As the basins filled, volcanically driven geothermal vents heated the water and created convection. The result was constant water movement, creating a thick primordial soup. (Credit: Image courtesy of Texas Tech University)
“For may years, the debate on the origins of life centered on the chemical evolution of living cells from organic molecules by natural processes. Chatterjee said life began in four steps of increasing complexity – cosmic, geological, chemical and biological.
In the cosmic stage, a still-forming Earth and our solar system took a daily pounding from rocky asteroids and icy comets between 4.1 to 3.8 billion years ago. Plate tectonics, wind and water have hidden evidence of this early onslaught on our planet, but ancient craters on the surfaces of Mars, Venus, Mercury and our moon show just how heavy the meteorite showers once were.
Larger meteorites that created impact basins of about 350 miles in diameter inadvertently became the perfect crucibles, he said. These meteorites also punched through the Earth’s crust, creating volcanically driven geothermal vents. Also, they brought the basic building blocks of life that could be concentrated and polymerized in the crater basins.
After studying the environments of the oldest fossil-containing rocks on Earth in Greenland, Australia and South Africa, Chatterjee said these could be remnants of ancient craters and may be the very spots where life began in deep, dark and hot environments.
Because of Earth’s perfect proximity to the sun, the comets that crashed here melted into water and filled these basins with water and more ingredients. This gave rise to the geological stage. As these basins filled, geothermal venting heated the water and created convection, causing the water to move constantly and create a thick primordial soup.
“The geological stage provides special dark, hot, and isolated environments of the crater basins with the hydrothermal vent systems that served as incubators for life,” he said. “Segregation and concentration of organic molecules by convective currents took place here, something like the kinds we find on the ocean floor, but still very different. It was a bizarre and isolated world that would seem like a vision of hell with the foul smells of hydrogen sulfide, methane, nitric oxide and steam that provided life-sustaining energy.”
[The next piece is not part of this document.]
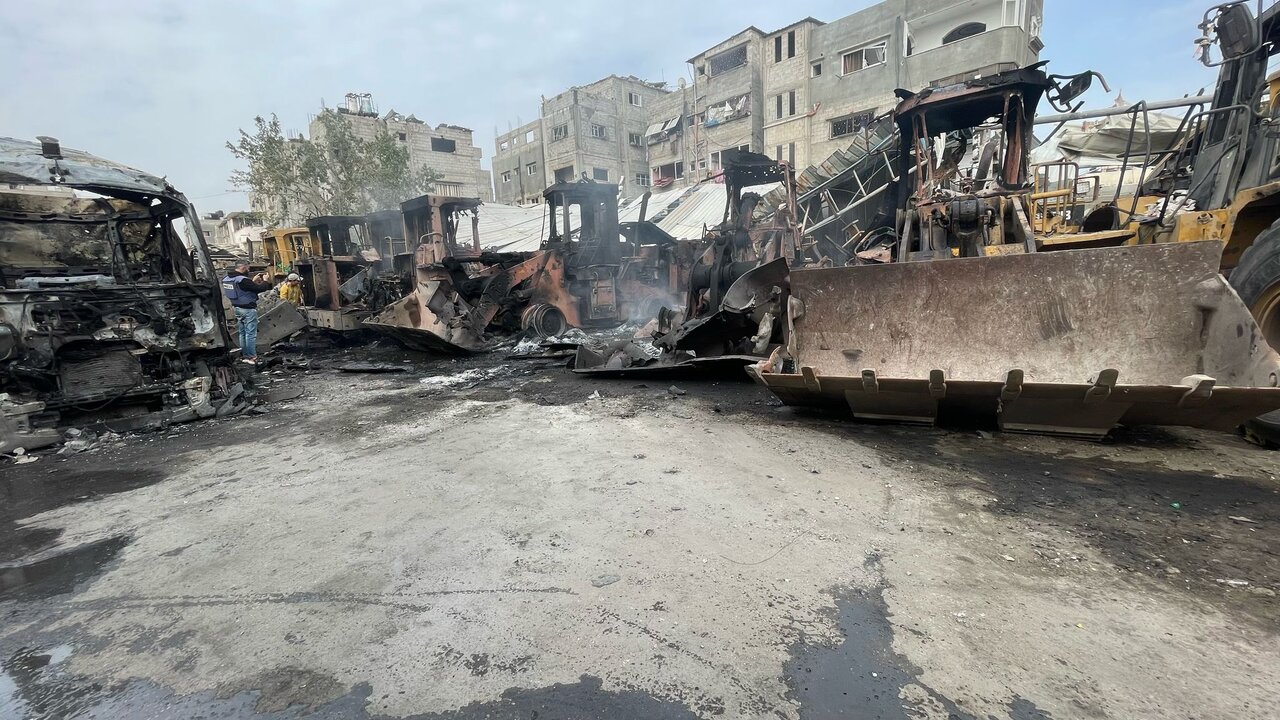 Zionist terrorist army bombs bulldozers, heavy vehicles across Gaza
Then began the chemical stage, Chatterjee said. The heat churning the water inside the craters mixed chemicals together and caused simple compounds to grow into larger, more complex ones.
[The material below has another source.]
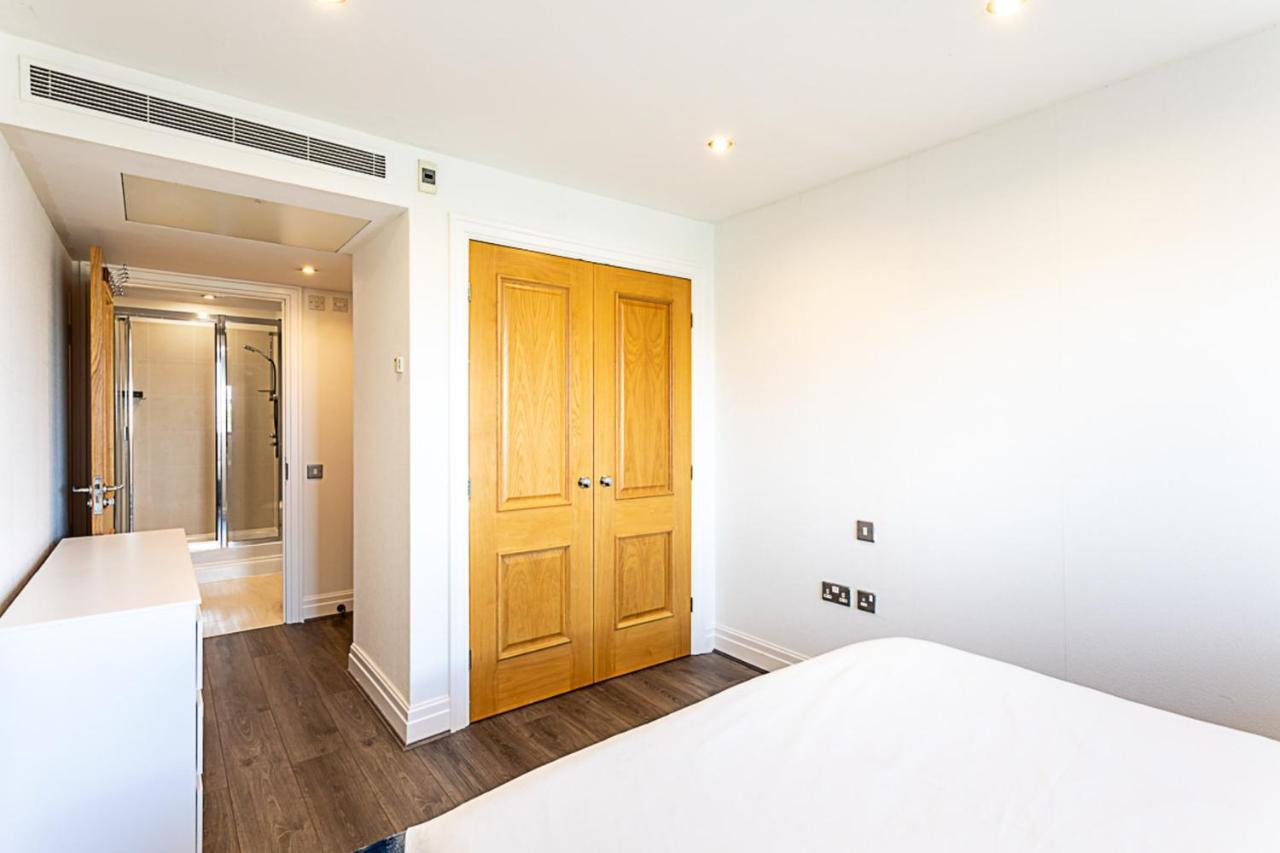 Convenient Urban Pad In Paddington Daire Londra Dış mekan fotoğraf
Protecting Important Information
Eventually, the first life forms left the confines of the crater and ventured into the newly formed oceans. (Credit: Image courtesy of Texas Tech University)
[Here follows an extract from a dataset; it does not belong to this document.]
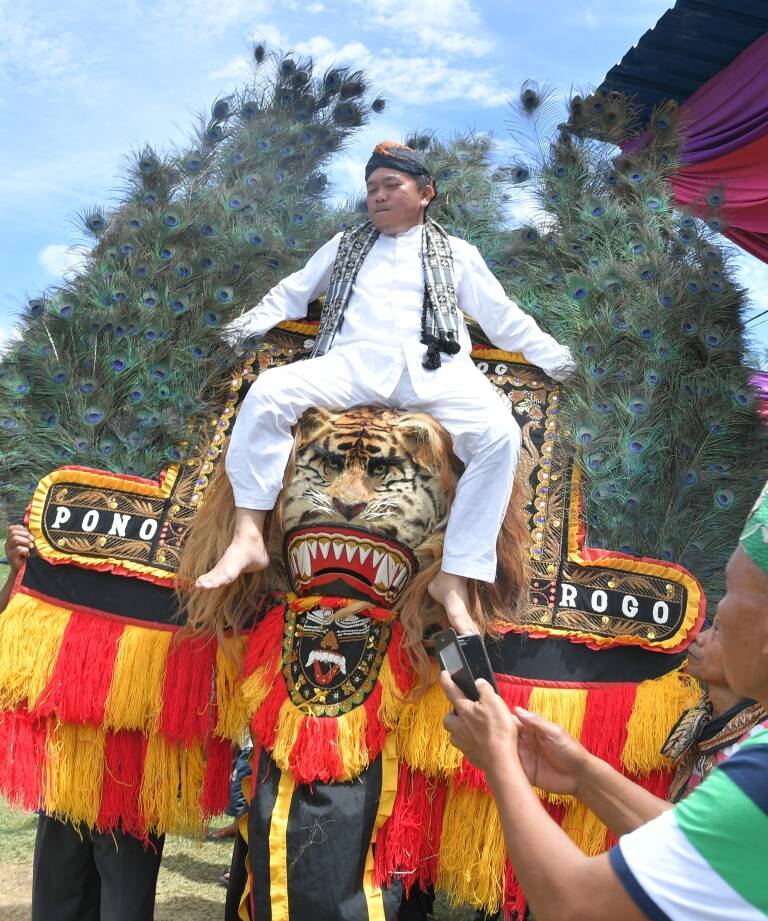 H Al Haris dan Khafid, Grebek Suro di Pulau Tujuh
Most likely, pores and crevices on the crater basins acted as scaffolds for concentrations of simple RNA and protein molecules, he said. Unlike a popular theory that believes RNA came first and proteins followed, Chatterjee believes RNA and proteins emerged simultaneously and were encapsulated and protected from the environment.
“The dual origin of the ‘RNA/protein’ world is more plausible in the vent environments than the popular ‘RNA world,’” he said. “RNA molecules are very unstable. In vent environments, they would decompose quickly. Some catalysts, such as simple proteins, were necessary for primitive RNA to replicate and metabolize. On the other hand, amino acids, from which proteins are made, are easier to make than RNA components.”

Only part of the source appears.